Terry Cheng, el antiguo Terry, nunca había sido tan hablador. Contar una breve anécdota era ya algo que rebasaba los límites de lo que a él se le antojaba un autocontrol de índole superior.
—Se lo decía a la gente. La gente te contaba dónde se encontraban, en qué trabajaban. Yo decía en el Midtown. Sonaba a muy poco. Sonaba neutral, como a no estar en ninguna parte. Me dijeron que Rumsey se tiró por una ventana.
Keith siguió mirando la cascada. Era mejor que cerrar los ojos. Si cerraba los ojos, veía cosas.
—Tú te reincorporaste al bufete durante una temporada. Recuerdo que lo hablamos.
—Era otra compañía y no un bufete.
—Qué más da —dijo Terry.
—Eso es lo que era, qué más da.
—Pero aquí estamos y aquí seguiremos cuando toda esta locura se desvanezca.
—Sigues jugando en línea.
—Juego en línea, sí, pero no puedo renunciar a esto. Aquí seguiremos.
—Nosotros, y el de la mascarilla quirúrgica.
—Sí, él también seguirá.
—Y la mujer del parpadeo.
—A ésa no la he visto —dijo Terry.
—Algún día hablaré con ella.
—Has visto al enano.
—Sólo una vez. Luego se marchó.
—Un enano llamado Carlo. Un perdedor de raza. Es el único jugador cuyo nombre conozco, quitándote a ti. Sé el nombre porque pertenece a un enano. No hay ninguna otra razón para saberlo.
Los tragaperras amontonados bullían a sus espaldas.
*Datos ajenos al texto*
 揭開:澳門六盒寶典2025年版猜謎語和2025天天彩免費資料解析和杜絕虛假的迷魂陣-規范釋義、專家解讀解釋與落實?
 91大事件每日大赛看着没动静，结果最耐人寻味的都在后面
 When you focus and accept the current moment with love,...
Cuando oyó la noticia en la radio, el Colegio Número Uno, muchos niños, comprendió que tenía que llamarla. Terroristas tomando rehenes, el asedio, las explosiones, había sido en Rusia, a saber dónde, cientos de muertos, muchos de ellos niños.
Ella habló quedamente.
—Tenían que saberlo. Habían creado una situación que desembocaba en esto, con niños. Indiscutiblemente tenían que saberlo. Fueron allí a morir. Crearon una situación, con niños, a propósito, y sabían cómo terminaría. Tenían que saberlo.
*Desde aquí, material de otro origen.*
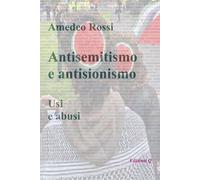 Libri Amedeo Rossi - Antisemitismo E Antisionismo. Usi E Abusi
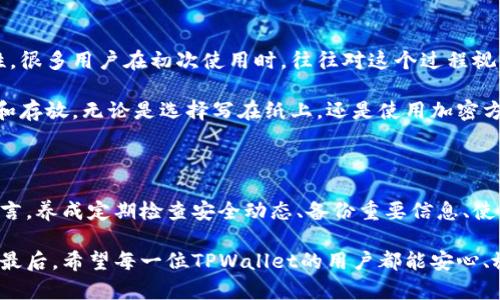 在加密货币世界中，钱包的安全性是一个至关重要的话题。TPWallet作为其中一种数字钱包，用户自然会关心它是否会导致币的丢失。虽然TPWallet本身并不会因为程序错误而“丢币”，但错误的使用方式、网络攻击、盗窃等外部因素可能会让用户的资产面临风险。接下来，我将从多个方面深入探讨这个问题。

1. TPWallet的基本功能与安全性

TPWallet是一个多功能的加密货币钱包，支持多种数字资产的存储、发送和接收。它的功能设计旨在提供用户友好的操作体验，并在此基础上保障安全性。TPWallet采用了各种安全技术合作，试图确保用户资金的安全。同时，它也支持私钥管理，使得用户对自己的数字资产拥有绝对控制权。

但是，正如我小时候听到的谚语“钥匙在你手中，门才会打开”，虽然TPWallet提供了安全的技术保障，但用户自身的操作行为同样至关重要。若用户随便泄露私钥，或者在不安全的网络下进行交易，可能导致资产的丢失。

2. 用户行为与钱包安全

有一天，我的一个朋友因为在公用Wi-Fi网络上操作TPWallet，结果被黑客盯上，最终他的币被盗。这让我意识到一个重要的教训：即便是最安全的钱包，如果用户不知道如何安全使用，也会面临风险。使用TPWallet时，用户应当尽量避免在公共场合进行敏感操作，确保私钥和助记词绝对保密。

此外，选择强密码对于保护钱包账户同样重要。许多用户常常为了方便使用而选择容易记住的密码，然而恰恰是这种行为让他们的钱包暴露在风险之中。格式复杂且混合字母、数字和符号的密码，是保护数字资产的一道坚固防线。

3. 网络安全与黑客攻击

在过去的几年里，很多数字钱包都曾遭受到网络攻击。尽管TPWallet已经实施了多种安全措施，但网络环境始终是充满不确定性。我们不能忽视黑客的攻击技巧日新月异，尽管钱包的开发团队不断更新安全策略，但安全漏洞依然是潜在的风险。

我记得刚开始接触加密货币时，我选择的一个钱包在一次黑客攻击中损失了资产，那时我对网络安全的认知非常有限。这次经历让我意识到，了解黑客的攻击手法、保持对安全动态的关注，能够帮助我更好地保护自己的资产。因此，使用TPWallet的用户也应该定期关注安全更新和行业动态。

4. 冷钱包与热钱包的选择

对于需要长期储存币种的用户来说，冷钱包无疑是更安全的选择。而TPWallet属于热钱包，虽然方便，但在安全性上相比于冷钱包略逊一筹。我也有过将部分币存在TPWallet和冷钱包中的经历，这让我深刻体验到了二者安全与便利的平衡。

在日常交易中，TPWallet的便利性是显而易见的，快速的交易确认和用户体验，使得我在进行日常交易时乐于使用。但在进行大额资产转移时，我会选择将大部分币转存到冷钱包，这样保障了资产的长期安全。因此，了解各种钱包的特点，合理分配资产，是确保不丢币的重要策略。

5. 恶意软件与钓鱼攻击

除了直接的网络攻击，恶意软件和钓鱼攻击同样是需要警惕的风险。很多用户并没有意识到这类隐藏的危险。曾经，有个朋友因为点击了一个看上去像是官方链接的钓鱼网址，结果他的资金瞬间消失。我在享受加密货币便利的同时，深知保持警惕是非常重要的。

在使用TPWallet时，用户应该确认应用程序是否来自官方渠道，并定期检查设备的安全状态。使用可信的防病毒软件，加上慎重的浏览习惯，都会提高安全性。此外，对于不知道的链接和邮件，保持谨慎，不轻易点击，能将风险降到最低。

6. 及时备份与恢复策略

对我而言，备份是每次使用TPWallet时都不容忽视的一步。只有当遇到设备损坏、意外删库等情况时，我才真正意识到备份的重要性。很多用户在初次使用时，往往对这个过程视而不见，殊不知一旦数据丢失，可能连同资金一同消失。

通过常规备份，我能够确保万一账户出现问题时，能够快速恢复。在TPWallet中，一般会提供助记词的生成，用户应该将其妥善记录和存放。无论是选择写在纸上，还是使用加密方式保存，都能避免因设备故障或其它原因而造成的币的损失。

总结：警惕与保护从我做起

TPWallet的使用过程中，虽然钱包本身在安全性上有着不错的设计，但用户行为和意识应当成为保障资产安全的重中之重。对我而言，养成定期检查安全动态、备份重要信息、使用强密码的习惯，是我保护自己资产的最好方式。

无论是曾经的经历，还是身边朋友的故事，都让我更加坚信，牢记安全小贴士，随时保持警惕，这才是保护加密资产不受损失的关键。最后，希望每一位TPWallet的用户都能安心、放心地使用，享受数字货币带来的便利与乐趣。
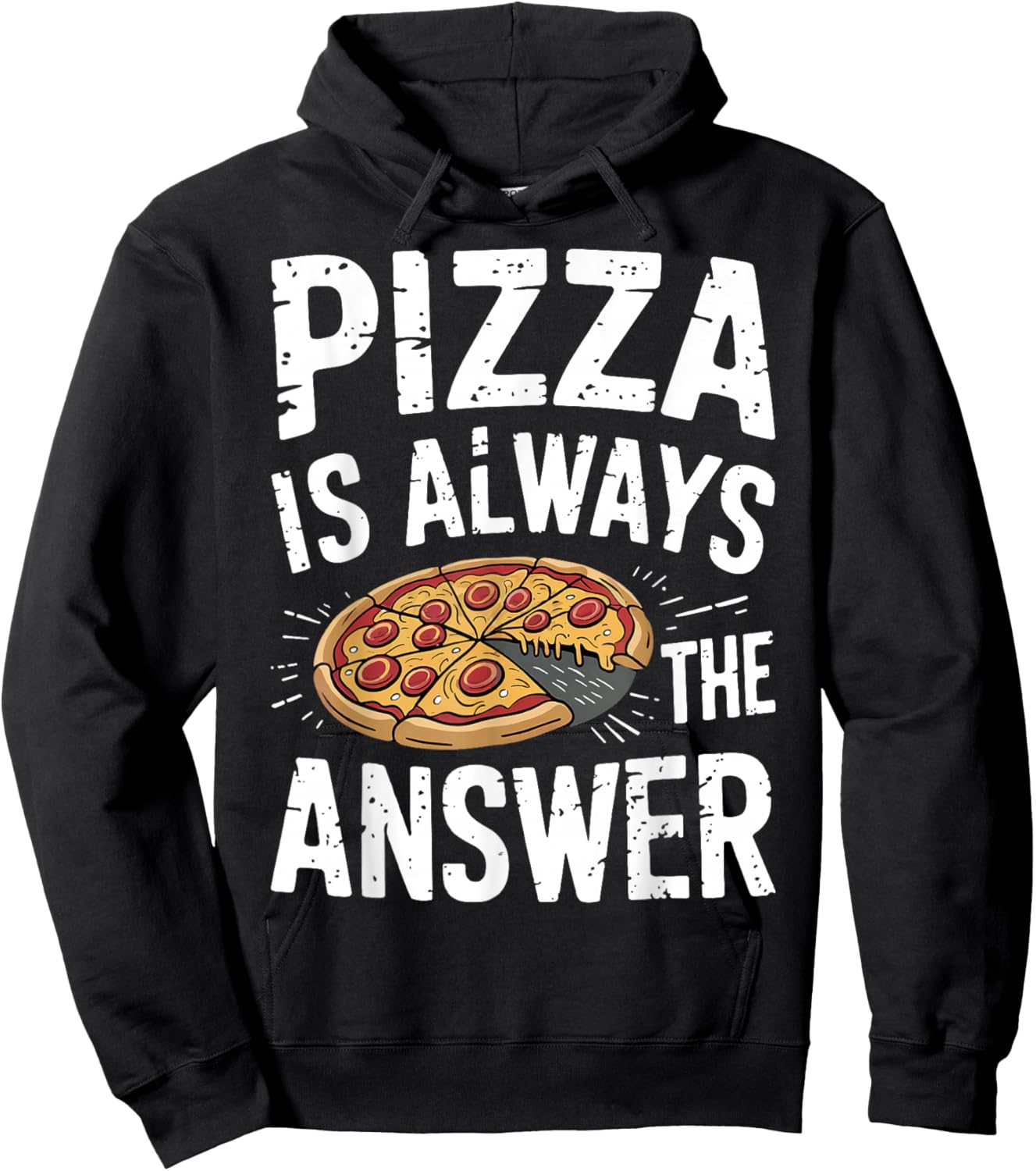 Pizza Lover Gifts - Funny Pizza Is Always The Answer Pizza Hoodie - Hoodie | Black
Hubo silencio a ambos lados del hilo telefónico. Pasado un tiempo, Lianne dijo que hacía calor, unos treinta grados, y añadió que el chico estaba muy bien, que el chico estaba perfectamente. Hubo algo cortante en su voz, seguido de otro silencio. Keith trató de escucharlo, de descubrir el vínculo en sus observaciones. En la profunda pausa empezó a verse a sí mismo exactamente donde estaba, de pie en una habitación cualquiera de un hotel cualquiera, con un teléfono en la mano.
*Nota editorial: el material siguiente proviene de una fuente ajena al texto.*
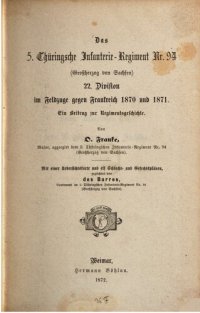 cover of the book Das 5. Thüringsche Infanterie-Regiment Nr. 94 (Großherzog von Sachsen)  22. Division im Feldzuge gegen Frankreich gegen Frankreich 1870 und 1871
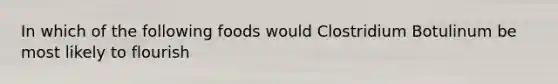 In which of the following foods would Clostridium Botulinum be most likely to flourish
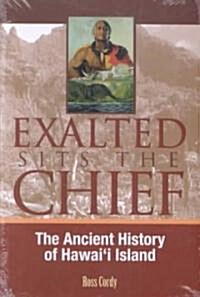 Exalted Sits the Chief: The Ancient History of Hawaii Island (Paperback)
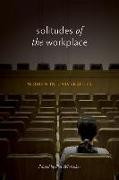 Solitudes of the Workplace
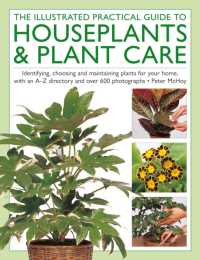 The Illustrated Practical Guide to Houseplants & Plant Care : Identifying, choosing and maintaining plants for your home, with an A-Z directory and over 600 photographs
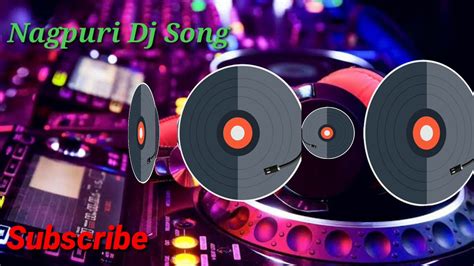 New Nagpuri Dj Remix 2019 Hit Nagpuri Dj Remix Nonstop 2019 Youtube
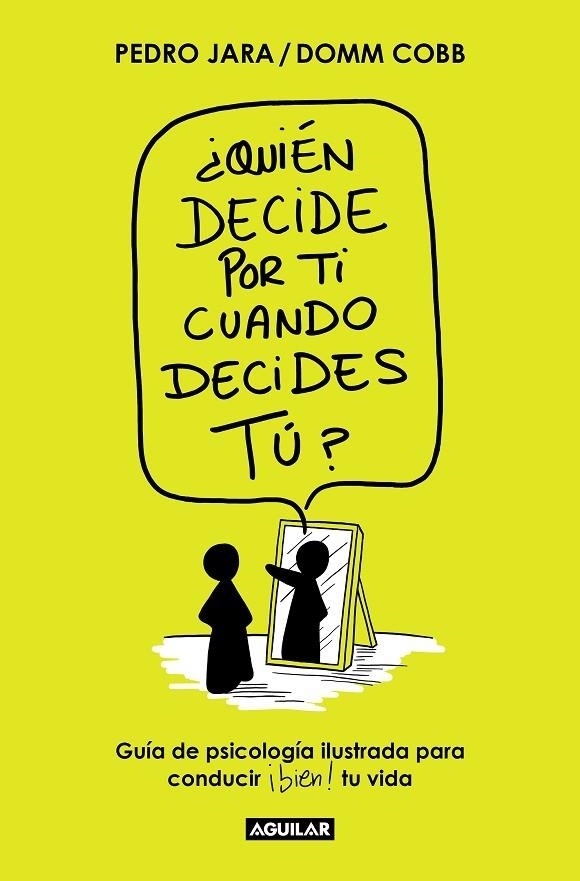 ¿QUIÉN DECIDE POR TI CUANDO DECIDES TÚ? | 9788403522671 | DOMM COBB / JARA, PEDRO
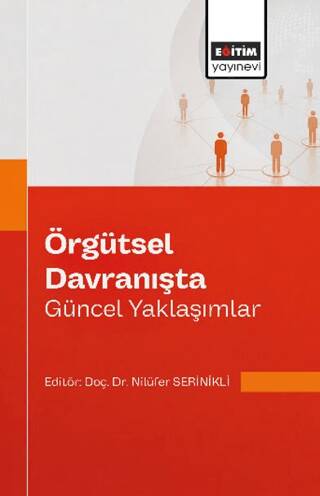 Örgütsel Davranışta Güncel Yaklaşımlar - 1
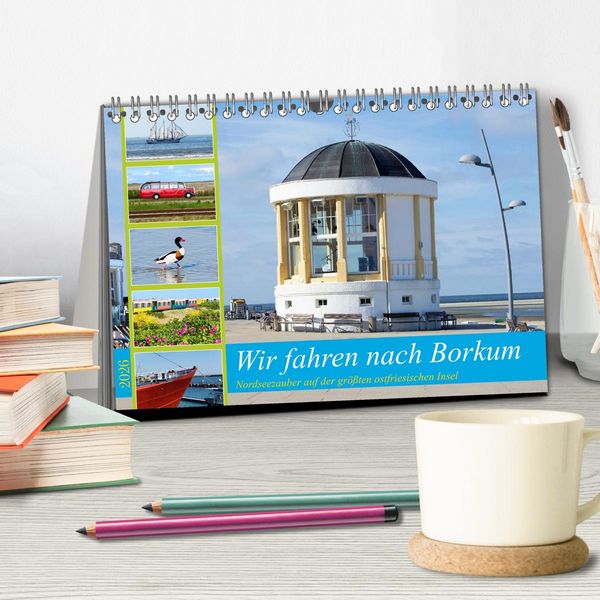 Produktbild: Wir fahren nach Borkum (Tischkalender 2026 DIN A5 quer), CALVENDO Monatskalender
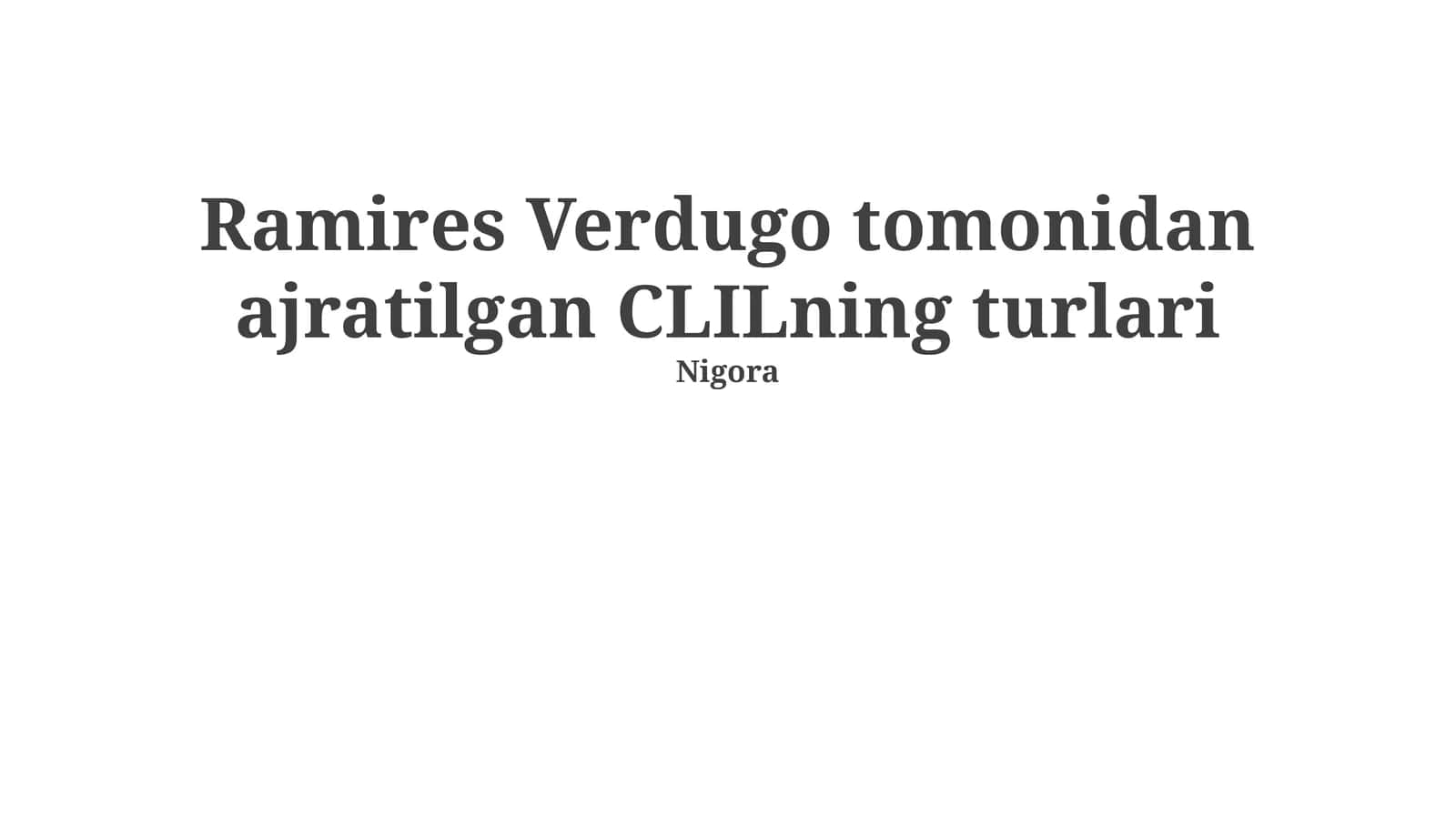 Ramires Verdugo tomonidan ajratilgan CLILning turlari 1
Lianne le dijo que no habían encontrado nada que llamara la atención. No había signos de deterioro. Utilizó varias veces nada que llamara la atención. Le encantaba ese modo de decirlo. Le proporcionaba un enorme alivio. No había lesiones, ni hemorragias, ni infartos. Le leyó los resultados a Keith y él seguía allí de pie, en su habitación, escuchando. Era una larga relación de cosas que no llamaban la atención. A Lianne le encantaba la palabra infarto. Luego dijo que no sabía si creerse el informe. Vale, por ahora sí, pero ¿y más adelante? Keith le dijo y se lo dijo muchas veces que estaba maquinando modos de asustarse. Ella dijo que no era miedo, sino sólo escepticismo. Estaba bien. Dijo que la morfología era normal, refiriéndose al informe. También ese término le encantaba, normal, pero no lograba creérselo, aplicado a ella. Dijo que era cuestión de escepticismo, del griego skeptikós. Luego habló de su padre. Estaba algo borracha, no medio trompa, quizá sólo una cuarta parte, que era lo más trompa que había estado nunca. Habló de su padre y le preguntó a Keith sobre el suyo. Luego se rió y dijo: «Escucha», y se puso a recitar una serie de números, haciendo una pausa entre uno y otro, empleando una modalidad feliz de canturreo.
Cien, noventa y tres, ochenta y seis, setenta y nueve.
Echaba de menos al chico. A ninguno de los dos le gustaba hablar por teléfono. ¿Cómo se habla con un niño por teléfono? Hablaba con ella. A veces hablaban en plena noche de ella, o en plena noche de él. Ella describía su posición en la cama, con las rodillas dobladas, con la mano entre las piernas, el cuerpo tan abierto como le era posible, encima de las sábanas, el teléfono en la almohada, y él la oía murmullar en la doble distancia, la mano en el pecho, la mano en el coño, viéndola con tanta claridad que pensaba que la cabeza podía estallarle.